The reason why Yoani did such a thing is that she has been invited, on nearly twenty occasions, to receive her awards abroad, but has never been given a “White card” — the permission to leave the country — so she can receive her awards in person.
The second problem is that in the XXI century the world has evolved enough, so that in any country its citizens are the most important thing.

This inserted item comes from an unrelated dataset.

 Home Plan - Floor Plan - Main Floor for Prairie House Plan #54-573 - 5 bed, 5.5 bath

And that means we must treat these people with the human dignity that José Martí claimed for the Cubans and that is now found in the Universal Declaration of Human Rights.

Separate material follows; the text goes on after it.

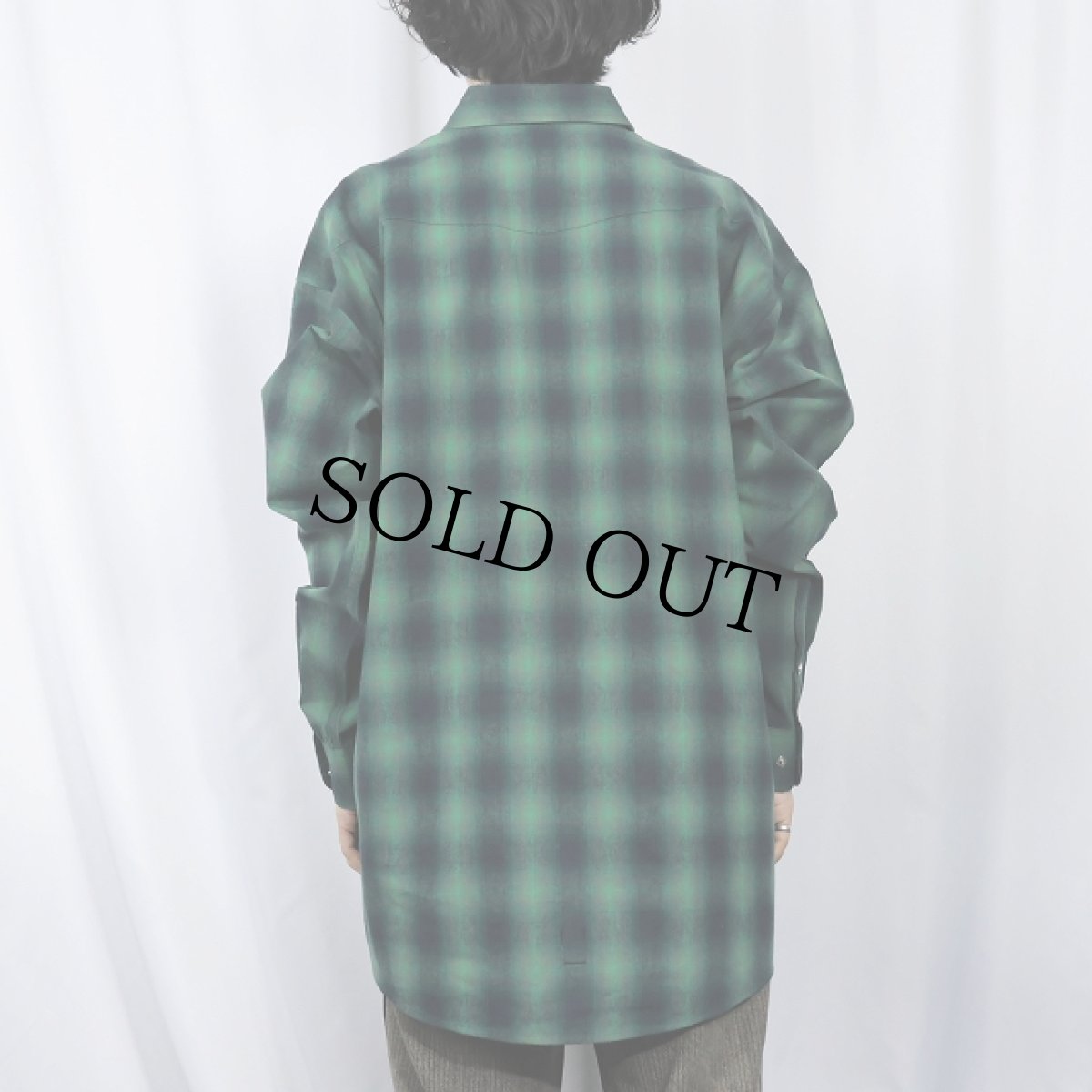 画像3: オンブレーチェック柄 ウエスタンシャツ L (3)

The third problem is that “according to the law” the actions of the government and the state must have legal foundations and legal procedures that are clearly established, known, and within reach of citizens, enabling them to defend their rights in any given situation.
The fourth problem is that when we act ignoring the laws and legal procedures that exist, we fall in the arbitrariness of the authorities, something not very well regarded in these times.
The fifth problem is that the people will never tolerate this arbitrariness indefinitely, and they will begin, as the well-known blogger has, to use the resources that the national law gives… to the protesters.
The sixth problem is that the problem now created (and forgive the redundancy) could have been avoided by respecting Article 63 of the Constitution of the Republic:
Every citizen has the right to make complaints and petitions to the authorities and to receive the attention or the appropriate responses on time, according to the law.
Perhaps we can find a moral in all this: Problems can be avoided … when rights are respected.